For Local Development

  • Java 21 or higher
  • Maven 3.8+
  • Apache Kafka (or use Docker)
  • PostgreSQL (optional, for production profile)

For Docker Deployment

  • Docker 20.10+
  • Docker Compose 2.0+

Configuration

User Application

The application supports multiple profiles:

Test Profile (default)

  • Uses H2 in-memory database
  • H2 console available at /h2-console
  • Default credentials: sa/12345

Environment Variables

KAFKA_URI=localhost:9092          # Kafka bootstrap servers
CLIENT_ID=default.client-id       # OAuth2 client ID
CLIENT_SECRET=default.client-secret # OAuth2 client secret
CLIENT_NAME=default.client-name   # OAuth2 client name
REDIRECT_URI=https://www.google.com.br # OAuth2 redirect URI
TOKEN_TTL=3600                    # Token time-to-live in seconds

Mail Application

Configure Kafka connection and mail server settings in application.yml:

spring:
  kafka:
    consumer:
      bootstrap-servers: localhost:9092
      group-id: user-created-group
  mail:
    host: smtp.example.com
    port: 587
    username: [email protected]
    password: your-password

Getting Started

Option 1: Docker Compose (Recommended)

The easiest way to run the entire application stack:

1. Create Environment File

Create a .env file in the root directory based on .env-example:

# Copy the example file
cp .env-example .env

# Edit .env and configure all required variables

Required Environment Variables:

  • DB_PASSWORD - PostgreSQL database password
  • DB_USERNAME - PostgreSQL database username
  • CLIENT_ID - OAuth2 client ID
  • CLIENT_SECRET - OAuth2 client secret (use a strong, random value)
  • CLIENT_NAME - OAuth2 client name
  • MAIL_USERNAME - SMTP username (your email address)
  • MAIL_PASSWORD - SMTP password or app-specific password
  • MAIL_HOST - SMTP server host (e.g., smtp.gmail.com)
  • MAIL_PORT - SMTP server port (587 for TLS, 465 for SSL)
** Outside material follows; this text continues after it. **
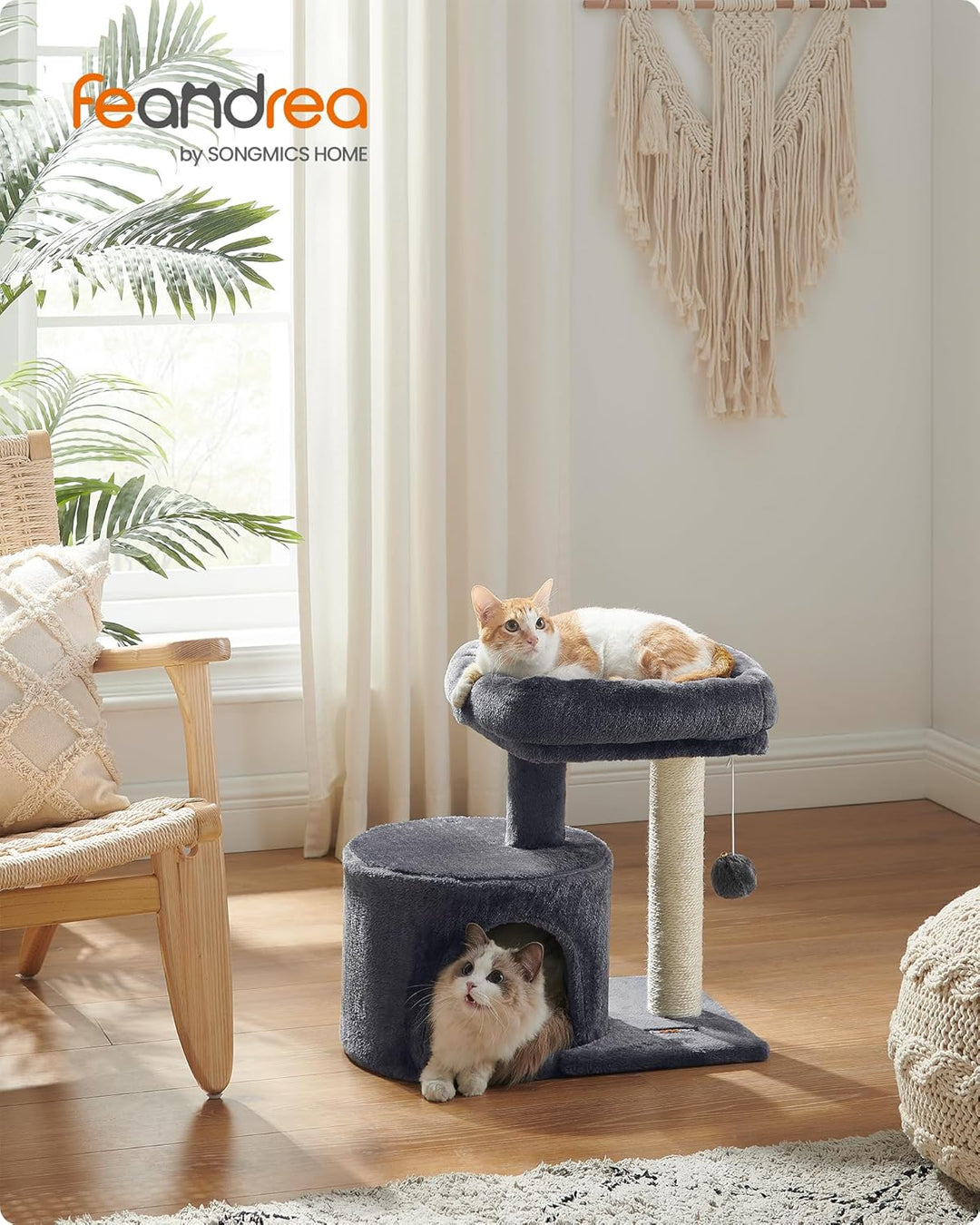 Feandrea Kratzbaum klein, Katzenbaum mit Sisalstamm, Katzenkratzbaum mit gepolsterter Plattforme, fü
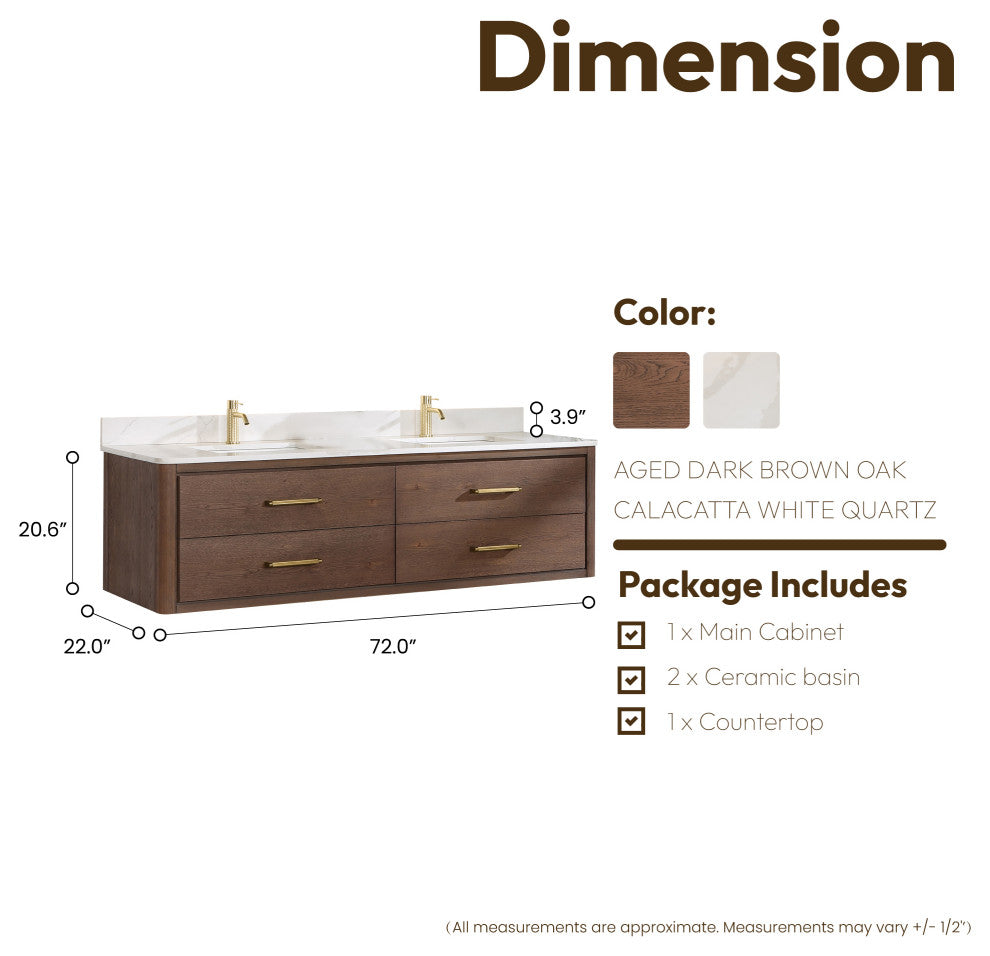 Cristo Floating Bath Vanity With Stone Top, Aged Dark Brown Oak, 72in., No Mirror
Optional Variables (have defaults):

  • DB_NAME - Database name (default: user-messaging-db)
  • REDIRECT_URI - OAuth2 redirect URI (default: https://www.google.com.br)
  • TOKEN_TTL - JWT token time-to-live in seconds (default: 3600)
  • KAFKA_URI - Kafka bootstrap servers (default: kafka:9092)
  • USER_APPLICATION_PROFILE - Spring profile (default: prod)
  • MAIL_APPLICATION_PROFILE - Spring profile (default: prod)

See .env-example for a complete template with detailed descriptions.

2. Start All Services

docker-compose up -d

This will start:

  • PostgreSQL (port 5432): Production database
  • Zookeeper (internal only): Kafka dependency
  • Kafka (internal only): Message broker
  • user-application (port 8081): User management API with OAuth2 server
  • mail-application (port 8082): Email notification service

3. Initialize Database

After the containers are running, you need to populate the database with initial data. Connect to the PostgreSQL database and run the SQL commands from user-application/src/main/resources/import.sql:

# Connect to PostgreSQL
docker exec -it postgres-db psql -U java-user -d user-messaging-db

# Then copy and paste the commands from import.sql:
# - Insert users ([email protected], [email protected])
# - Insert roles (ROLE_ADMIN, ROLE_USER)
# - Assign roles to users

Note: The database does not auto-populate on startup when using ddl-auto: update in production profile. Manual initialization is required.

4. Check Service Health

# Check all services are running
docker-compose ps

# Check user-app health
curl http://localhost:8081/actuator/health

# Check mail-app health
curl http://localhost:8082/actuator/health

5. View Logs

# View all logs
docker-compose logs -f

# View specific service logs
docker-compose logs -f user-app
docker-compose logs -f mail-app
docker-compose logs -f kafka

6. Stop Services

# Stop all services
docker-compose down

# Stop and remove volumes (⚠️ deletes all data)
docker-compose down -v

Option 2: Local Development

For local development with Maven:

1. Start Kafka

Using Docker:

docker run -d --name kafka -p 9092:9092 \
  apache/kafka:latest

Or use your local Kafka installation.

2. Build Applications

# Build user-application
cd user-application
mvn clean install

# Build mail-application
cd ../mail-application
mvn clean install

3. Run Applications

Terminal 1 - User Application:

cd user-application
mvn spring-boot:run

Terminal 2 - Mail Application:

cd mail-application
mvn spring-boot:run

Docker Deployment Details

Docker Images

The project uses multi-stage Docker builds for optimized image sizes:

  • user-application: luansantos333/user-application:0.0.3
  • mail-application: luansantos333/mail-application:0.0.2

Building Custom Images

If you need to build your own images:

# Build user-application image
cd user-application
docker build -t your-username/user-application:latest .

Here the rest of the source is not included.